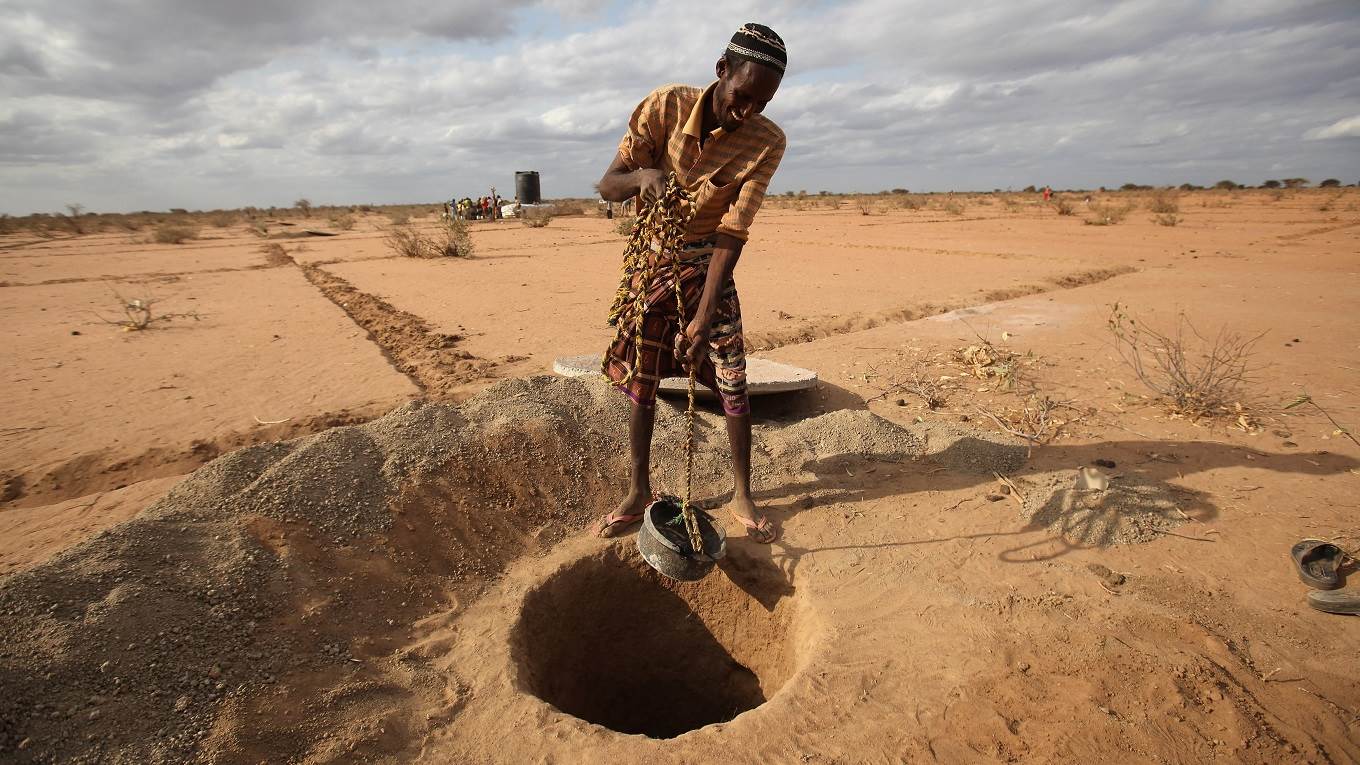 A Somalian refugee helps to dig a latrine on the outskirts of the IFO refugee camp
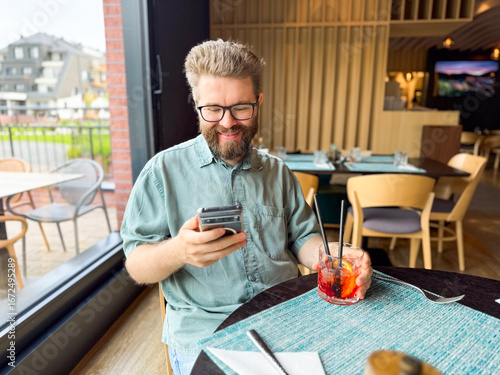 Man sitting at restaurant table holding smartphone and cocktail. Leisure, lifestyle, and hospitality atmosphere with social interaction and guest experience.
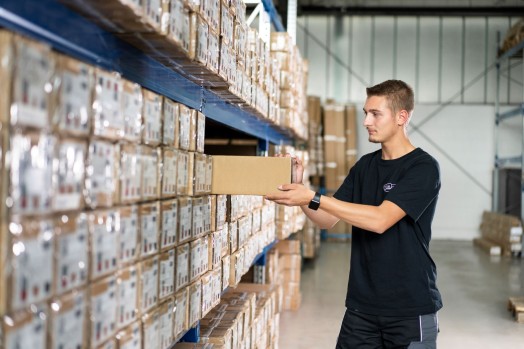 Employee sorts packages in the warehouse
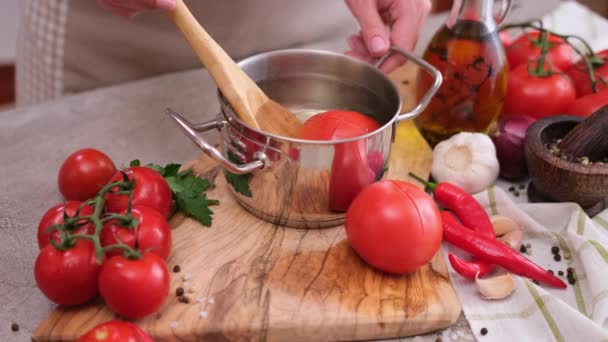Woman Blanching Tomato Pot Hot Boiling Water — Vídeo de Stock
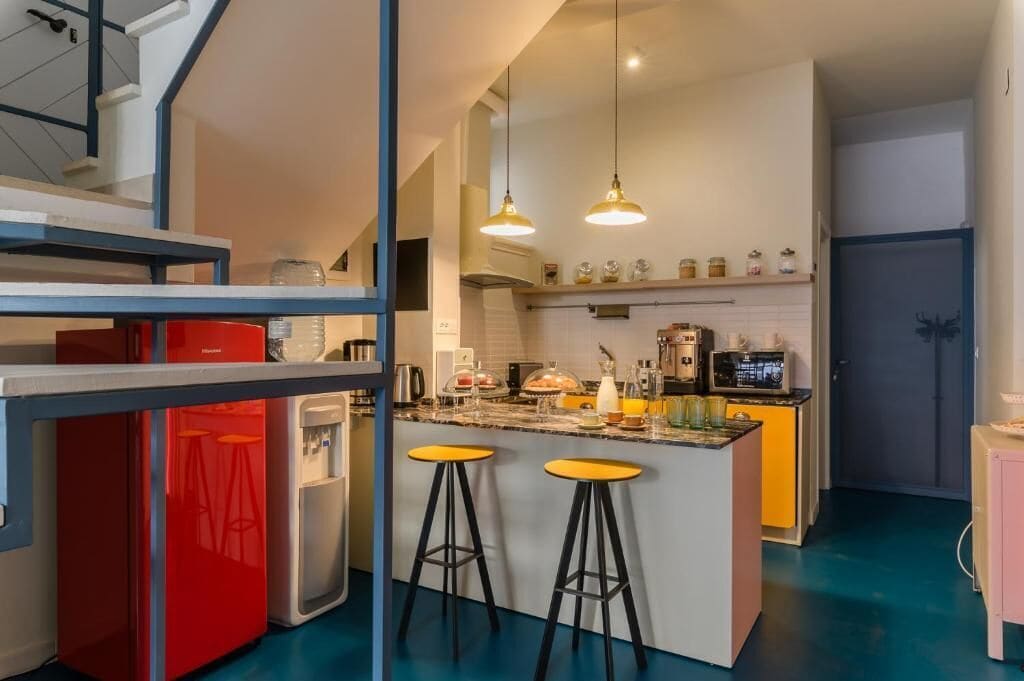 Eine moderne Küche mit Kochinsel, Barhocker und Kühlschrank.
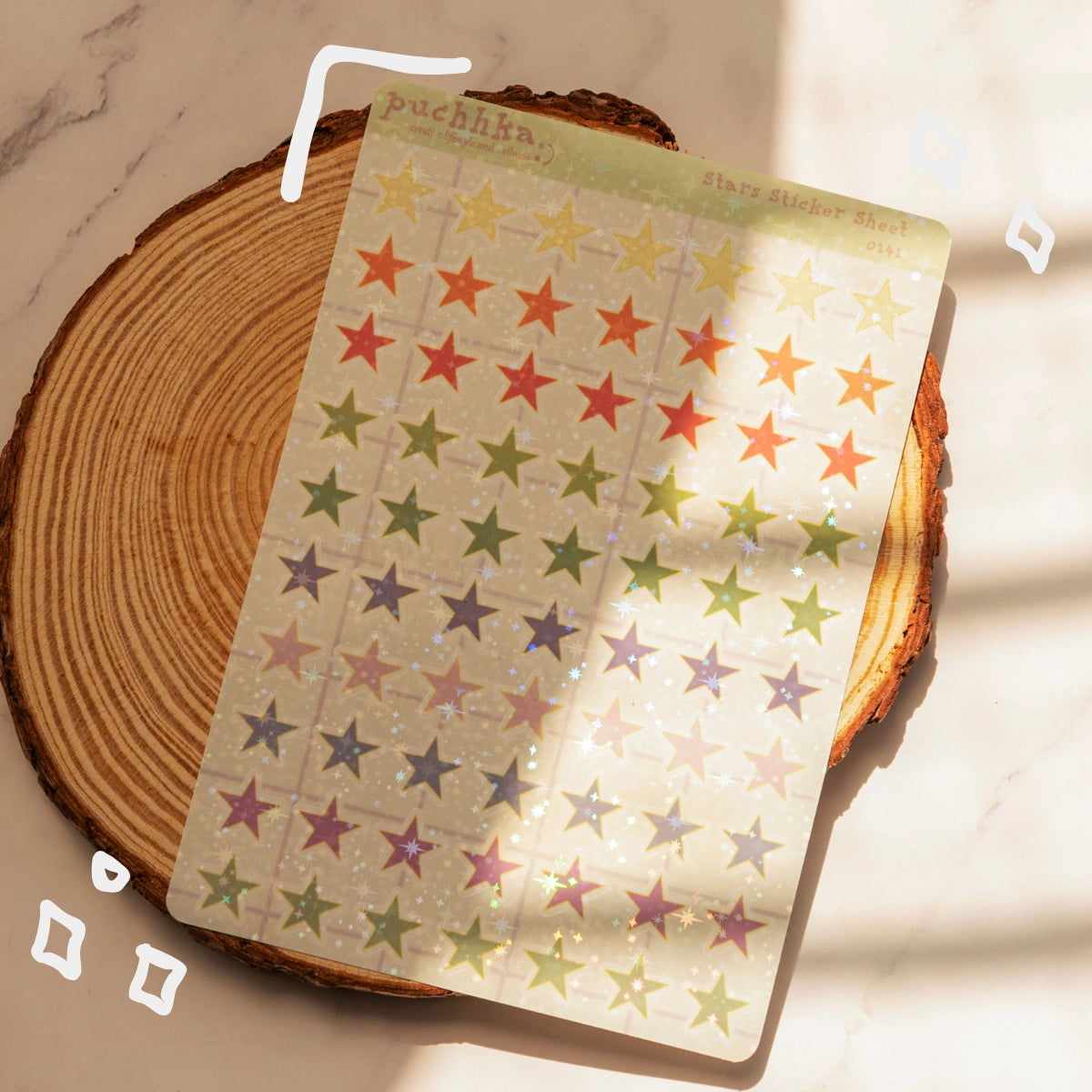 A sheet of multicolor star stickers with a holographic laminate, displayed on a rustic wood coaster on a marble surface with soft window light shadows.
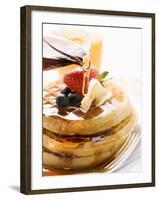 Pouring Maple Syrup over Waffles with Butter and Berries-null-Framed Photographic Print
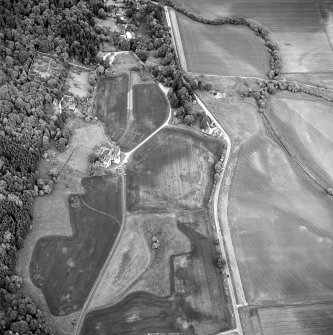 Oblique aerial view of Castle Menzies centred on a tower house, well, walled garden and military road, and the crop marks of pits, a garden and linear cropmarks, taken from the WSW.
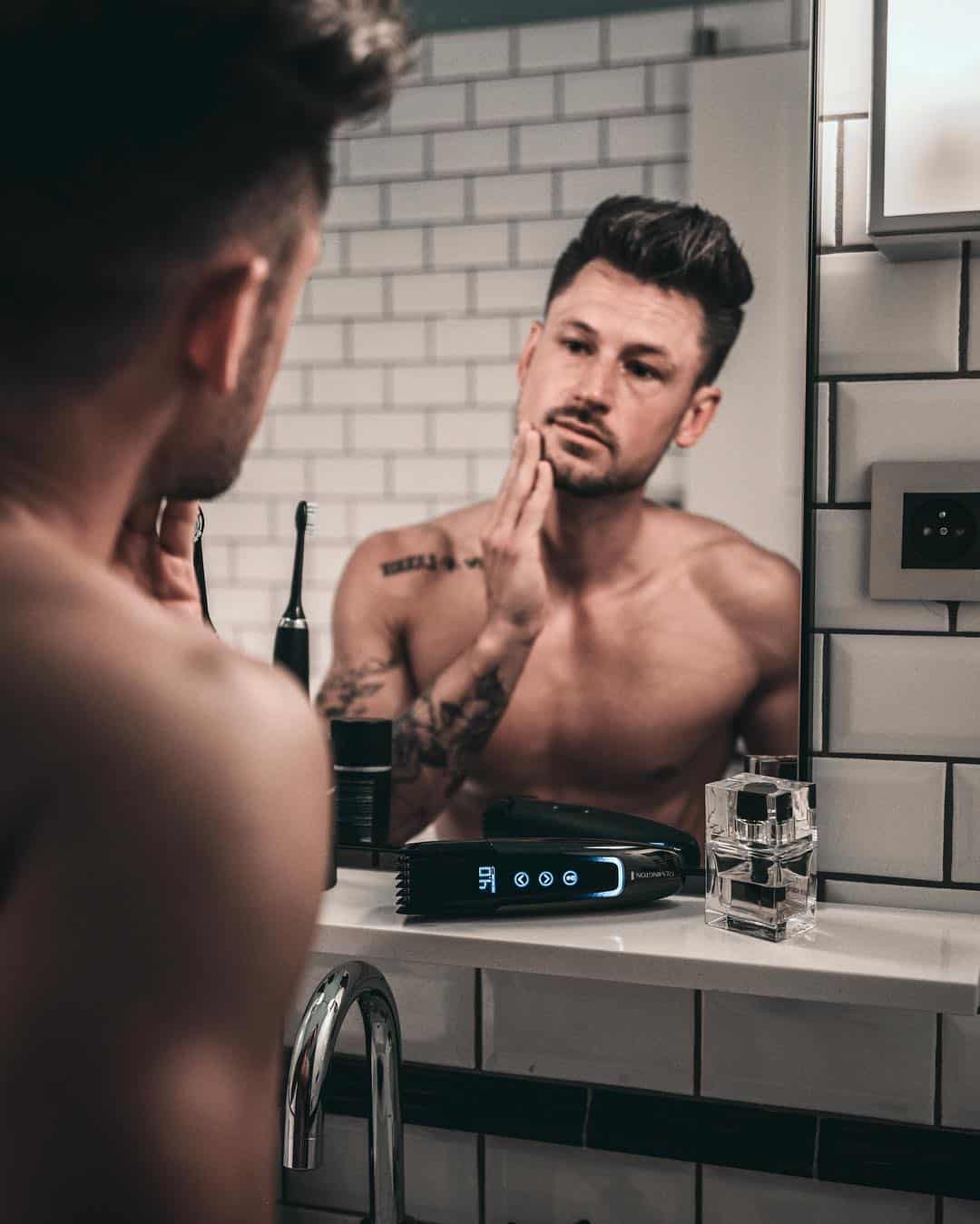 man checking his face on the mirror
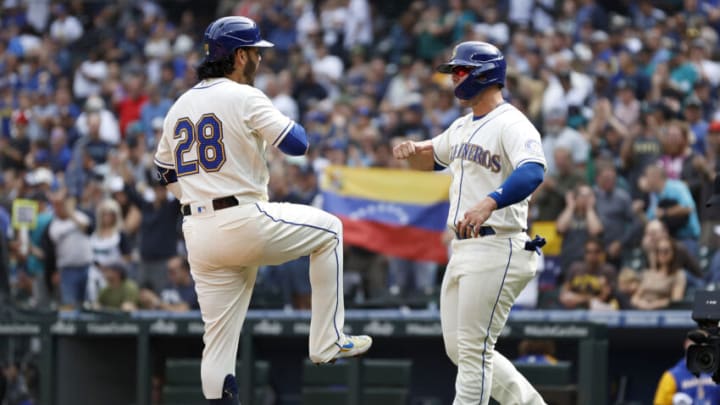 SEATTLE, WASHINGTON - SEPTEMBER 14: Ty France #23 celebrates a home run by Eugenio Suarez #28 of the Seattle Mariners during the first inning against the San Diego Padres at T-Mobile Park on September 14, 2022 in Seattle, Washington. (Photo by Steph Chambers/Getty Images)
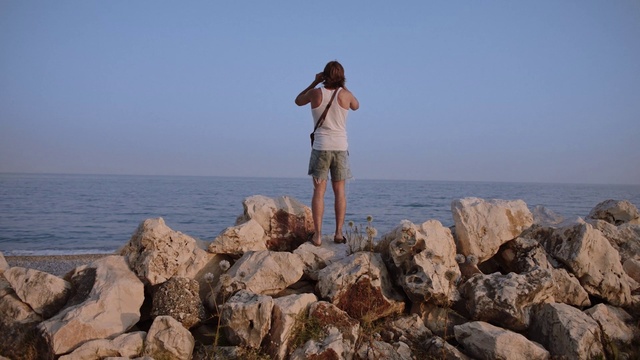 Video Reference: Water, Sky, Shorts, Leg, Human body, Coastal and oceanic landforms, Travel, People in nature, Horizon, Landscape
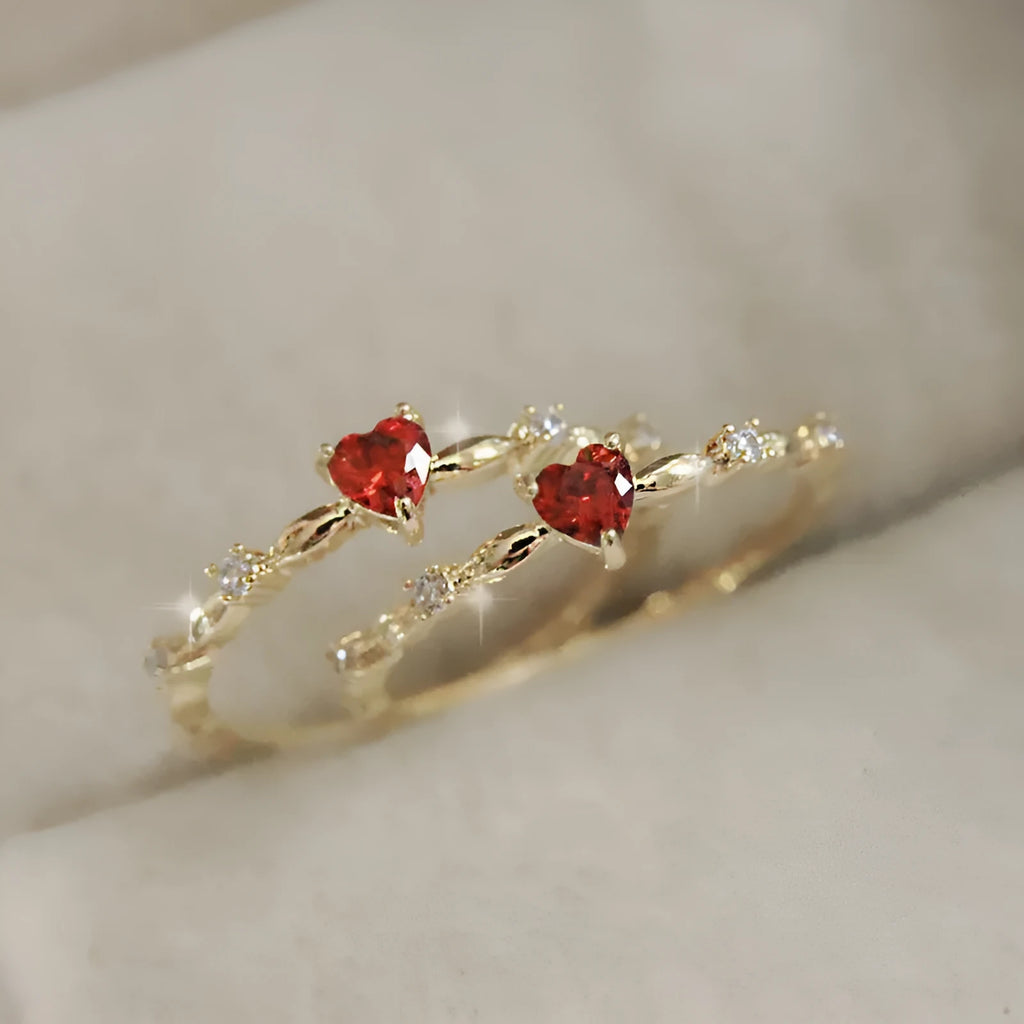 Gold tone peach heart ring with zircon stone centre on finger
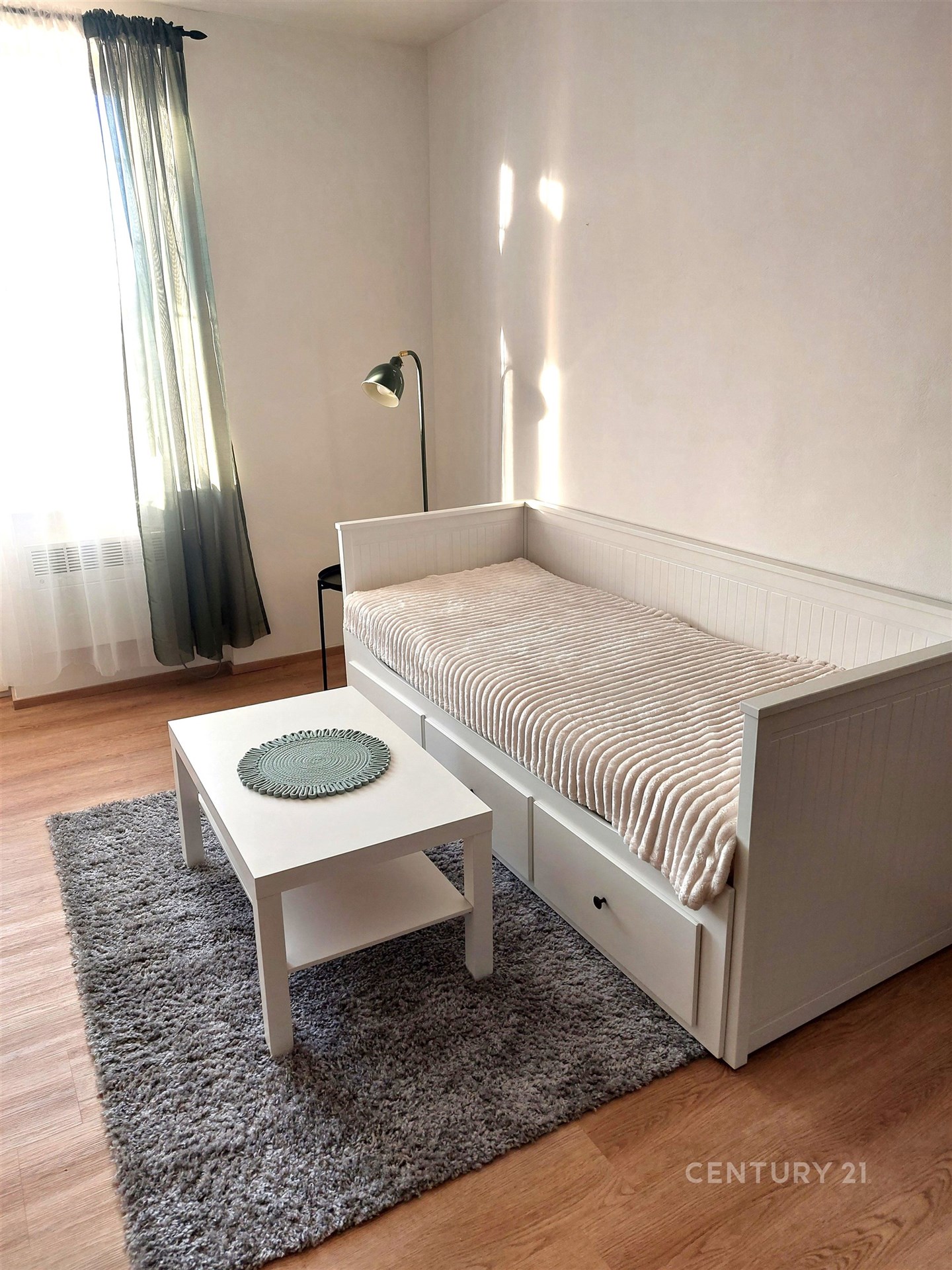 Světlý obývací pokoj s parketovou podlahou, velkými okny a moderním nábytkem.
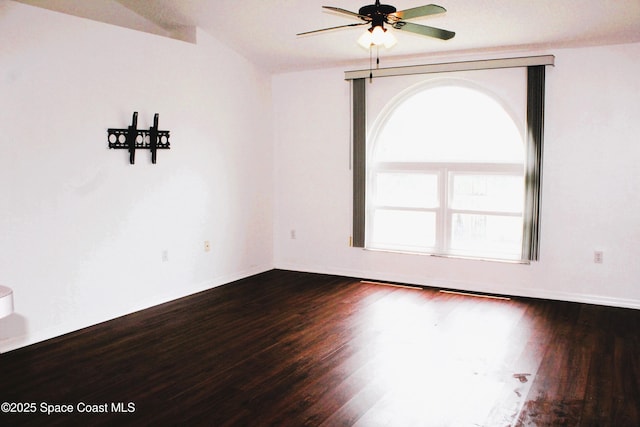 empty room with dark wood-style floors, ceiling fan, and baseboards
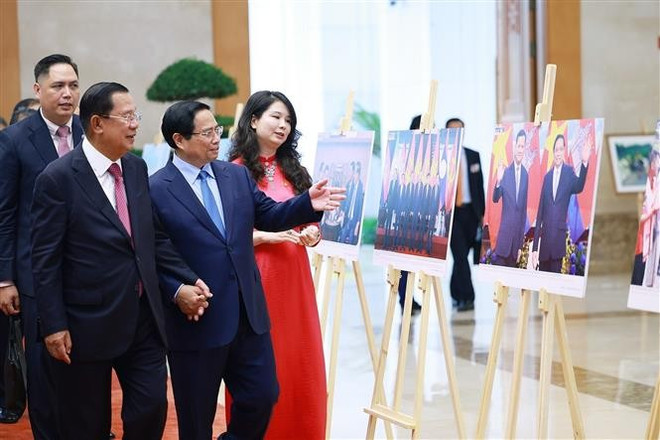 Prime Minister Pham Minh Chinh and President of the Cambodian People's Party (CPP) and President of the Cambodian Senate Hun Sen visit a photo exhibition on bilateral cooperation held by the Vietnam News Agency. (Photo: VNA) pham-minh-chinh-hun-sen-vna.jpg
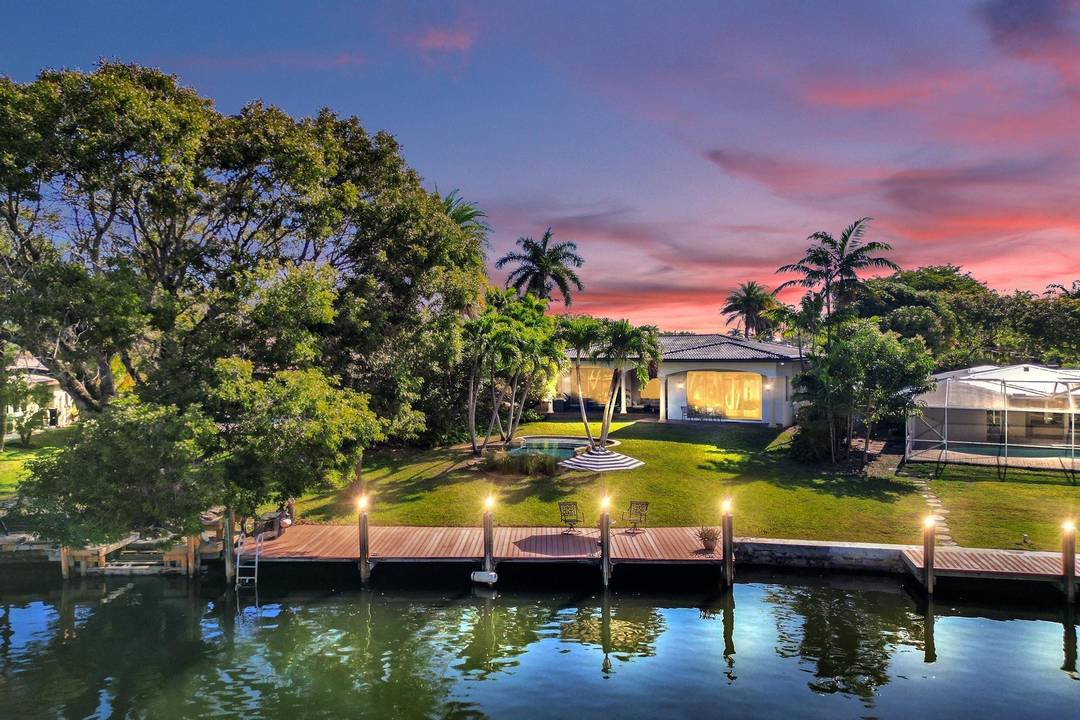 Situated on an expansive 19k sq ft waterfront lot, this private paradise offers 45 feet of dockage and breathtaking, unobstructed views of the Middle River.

━━━━━━━━━━━━━━━━━━━━━━━━━━━━━━

## EXERCISE BRIEF
In the listing above, find the line containing "man checking his face on the mirror" and the line containing "empty room with"; print those lines and every line between them exactly, leaving out pictures.

## SOLVED PROBLEM
 man checking his face on the mirror
 SEATTLE, WASHINGTON - SEPTEMBER 14: Ty France #23 celebrates a home run by Eugenio Suarez #28 of the Seattle Mariners during the first inning against the San Diego Padres at T-Mobile Park on September 14, 2022 in Seattle, Washington. (Photo by Steph Chambers/Getty Images)
 Video Reference: Water, Sky, Shorts, Leg, Human body, Coastal and oceanic landforms, Travel, People in nature, Horizon, Landscape
 Gold tone peach heart ring with zircon stone centre on finger
 Světlý obývací pokoj s parketovou podlahou, velkými okny a moderním nábytkem.
 empty room with dark wood-style floors, ceiling fan, and baseboards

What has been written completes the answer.